The core of a business can be defined from two different perspectives. In the book, Profit from the Core by Chris Zook, a short discussion on three car rental companies brings this into focus: Enterprise Rent-A-Car, Alamo Rent a Car, and Avis. All are clearly in what most people would define as the car rental business. This involves purchasing and managing fleets, running automated reservation centers, managing a branch network, and serving customers who rent cars for various purposes. Within this framework, however, these particular companies have core businesses that are quite different.
Enterprise has seventy percent of the market for insurance replacement and repair rentals. The company got its start in this distinct segment, building its suburban locations and business model to meet the needs of body shops and insurance companies.
Alamo's core business comes from leisure renters, who don't mind having to pick up rental cars at locations some distance from an airport terminal. The company situates its branches in popular vacation destinations such as Orlando.
Avis's core is airport rentals to people traveling on business. It sells heavily to corporate renters requiring speedy service, newer cars, a variety of business amenities, and, obviously, a network of prime airport locations, most having their cars located within walking distance of the terminal. Enterprise, Alamo and Avis each no doubt views its core differently, and each is right in doing so. Yet each participates in the rental car business that to the casual observer looks the same.

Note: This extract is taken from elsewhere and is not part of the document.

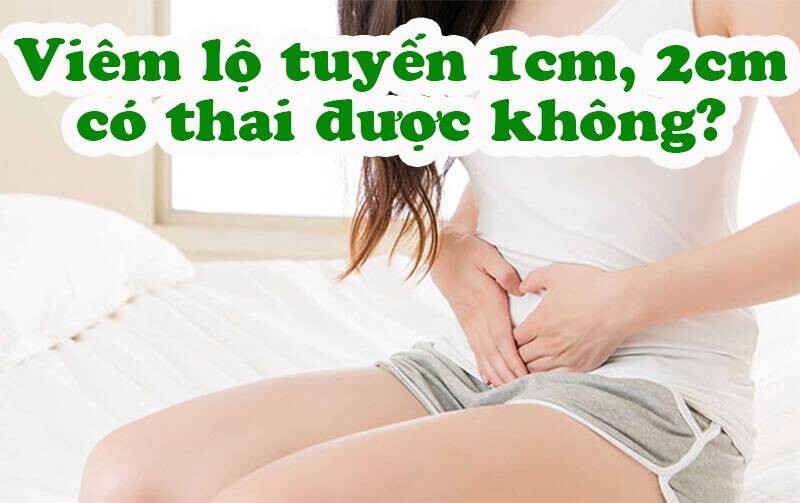 Viêm lộ tuyến có thai được không? 3 - 3 Viêm lộ tuyến 1cm, 2cm có thai được không?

So how do you define your core? It's defined by that set of products, customer segments, and technologies with which the greatest competitive advantage can be built. To do this, simply identify:
Your most potentially profitable, franchise customers
Your most differentiated and strategic capabilities
Your most critical product offerings
Your most important channels
Any other critical strategic assets that contribute to the above (such as patents, brand name, position at a control point in a network).
A man I know, Bill Monahan, was handed a company made up of divisions of 3M that were spun off because they were not performing up to par. Monahan realized that to suceed, a clear focus was need on what would become the new company’s core business. Monahan decided the company could be a leader in data storage. The company didn't have all the products it needed, but Monahan felt its R&D had the technology to develop those products. His technical people were good, and he thought they could catch up. Clearly, the Data Storage market offered the best opportunity for success.
In summary, three criteria were used to determine the business to establish as the core. Monahan wanted a business: 1.) That had real, organic market growth opportunity. 2.) With a strong technology position, experience and a strong intellectual property position. 3.) Where the opportunity was truly global and where we were positioned to win.
The strategy worked. When Monahan took the reins, the company was deeply in debt. When he retired from the company eight years later, it was not only free of debt, the company had half a billion dollars in cash, and was the leading supplier of removable data storage media boasting twice the market share of its closest competitors.